Month ago, a senior government officer visited Sabarmati Ashram and explained me that how much it is difficult to understand Gandhi and complex thoughts, approaches and methods of him. Today i came across similar thoughts in article titled The missingness of Gandhi by Shiv Visvanathan.
Instead of editing/commenting his thoughts or text; I simply felt to reproduce it here, because it exactly fits into my thoughts and feelings about usages of "Gandhi" in my age...
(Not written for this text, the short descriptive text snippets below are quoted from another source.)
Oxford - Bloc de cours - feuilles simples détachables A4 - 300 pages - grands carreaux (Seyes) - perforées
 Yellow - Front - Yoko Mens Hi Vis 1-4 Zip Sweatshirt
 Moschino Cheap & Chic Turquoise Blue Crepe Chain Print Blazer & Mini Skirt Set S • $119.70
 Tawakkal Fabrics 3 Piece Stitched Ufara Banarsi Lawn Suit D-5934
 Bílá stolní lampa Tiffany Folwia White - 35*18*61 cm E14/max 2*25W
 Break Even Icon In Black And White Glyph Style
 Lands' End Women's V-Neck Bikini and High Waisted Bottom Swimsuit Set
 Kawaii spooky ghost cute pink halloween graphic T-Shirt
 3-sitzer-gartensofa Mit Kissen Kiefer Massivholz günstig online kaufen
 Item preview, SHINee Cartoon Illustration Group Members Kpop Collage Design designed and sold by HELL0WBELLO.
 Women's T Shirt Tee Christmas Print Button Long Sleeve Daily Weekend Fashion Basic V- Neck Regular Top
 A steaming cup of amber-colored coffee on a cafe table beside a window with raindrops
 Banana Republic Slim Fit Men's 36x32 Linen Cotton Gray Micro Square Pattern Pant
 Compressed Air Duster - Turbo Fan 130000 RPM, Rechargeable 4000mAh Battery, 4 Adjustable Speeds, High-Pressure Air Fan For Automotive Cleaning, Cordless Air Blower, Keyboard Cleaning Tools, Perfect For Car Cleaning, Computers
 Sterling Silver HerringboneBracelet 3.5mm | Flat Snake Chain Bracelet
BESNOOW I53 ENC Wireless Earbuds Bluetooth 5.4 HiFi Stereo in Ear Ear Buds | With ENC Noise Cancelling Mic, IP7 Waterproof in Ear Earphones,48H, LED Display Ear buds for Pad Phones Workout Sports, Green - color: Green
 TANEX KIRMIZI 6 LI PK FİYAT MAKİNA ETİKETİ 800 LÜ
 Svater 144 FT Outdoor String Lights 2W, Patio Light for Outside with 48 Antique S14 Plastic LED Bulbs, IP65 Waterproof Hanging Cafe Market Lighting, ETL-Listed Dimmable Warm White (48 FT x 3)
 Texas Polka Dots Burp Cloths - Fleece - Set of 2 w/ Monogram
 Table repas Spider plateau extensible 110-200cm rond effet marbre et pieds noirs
...as Shiv Visvanathan says....
I must confess I am an old-fashioned man. I feel out of place and even out of time. I belonged to an age which honoured the self and not the selfie. Yet I feel strangely relevant as I realise my anger and my memories, my sense of classic and craft has something to say. I have stories that are still worth listening to, yet I feel sad when I look around me.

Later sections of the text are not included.